Donald Trump calls out individuals within the Freedom Caucus on Twitter
Caucus members played a role in stopping the vote on the AHCA.
— -- President Donald Trump took aim at the Freedom Caucus both as a group and by singling out individual members on Twitter today, blaming them for the hold up on health care reform.
The latest tweets came this afternoon, when Trump singled out Reps. Raul Labrador, R-Idaho; Mark Meadows, R-North Carolina; and Jim Jordan, R-Ohio, who are all members of the Freedom Caucus.
Those tweets came hours after Trump tweeted that the caucus, which largely opposed the Republican health care bill last week, will do damage to the Republican Party as a whole.
"The Freedom Caucus will hurt the entire Republican agenda if they don't get on the team, & fast. We must fight them, & Dems, in 2018!" Trump tweeted this morning.
Last week White House press secretary Sean Spicer would not say whether Trump would campaign against those who didn't support the health care bill.
At today's press briefing, Spicer said Trump's tweet is "consistent with everything he has said since Friday of last week."
"His comments and his tweets speak for themselves," Spicer said.
The second round of tweets came later, when Trump wrote "If @RepMarkMeadows, @Jim_Jordan and @Raul_Labrador would get on board we would have both great healthcare and massive tax cuts & reform."
He followed that with another tweet, asking where the three congressmen were on the issue.
This is not the first time that Trump has singled out the Freedom Caucus. He addressed the faction on social media two days after the bill was shelved.
"Democrats are smiling in D.C. that the Freedom Caucus, with the help of Club For Growth and Heritage, have saved Planned Parenthood & Ocare!" he wrote on March 26.
Members of the caucus largely dismissed Trump's thinly veiled threats to challenge their re-election efforts in 2018.
"I mean, it's constructive in fifth grade," Rep. Justin Amash, R-Michigan, a founding member of the Freedom Caucus, sarcastically told reporters at the Capitol today when asked if Trump's pressure could reignite negotiations.
"I'm not going to get hung up on a tweet," Rep. Scott DesJarlais, R-Tennessee, said in an interview.
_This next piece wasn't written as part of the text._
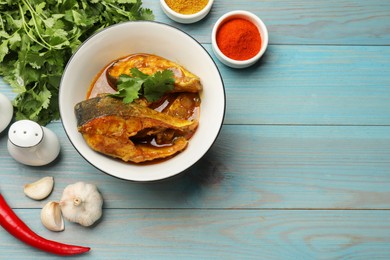 Photo of Tasty fish curry and ingredients on light blue wooden table, flat lay. Space for text. Indian cuisine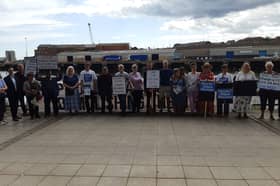 Campaigners gather outside of the National Glass Centre as it closed its doors to the public for the last time.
"My impression of the White House doesn't come from Trump's tweets," said DesJarlais, who was courted by Trump on the health care bill but planned to vote against it. "He [tweets]. I don't really pay much attention to it."
Rep. Trent Franks, R-Arizona, who was open to supporting the health care bill last week, said Freedom Caucus members are "the best friends the president has" on Capitol Hill.
"If a primary challenger will serve this country better than me, I'm certainly willing to entertain that," said Franks, a veteran lawmaker.
Sen. Bob Corker, R-Tennessee, the chairman of the Senate Foreign Relations Committee, took a dig at House Speaker Paul Ryan of Wisconsin after he suggested in a CBS interview that he was concerned Trump would work with Democrats over conservative Republicans after the failure of the health care bill.
"We have come a long way in our country when the speaker of one party urges a president NOT to work with the other party to solve a problem," Corker tweeted.
ABC News' Katherine Faulders contributed to this report.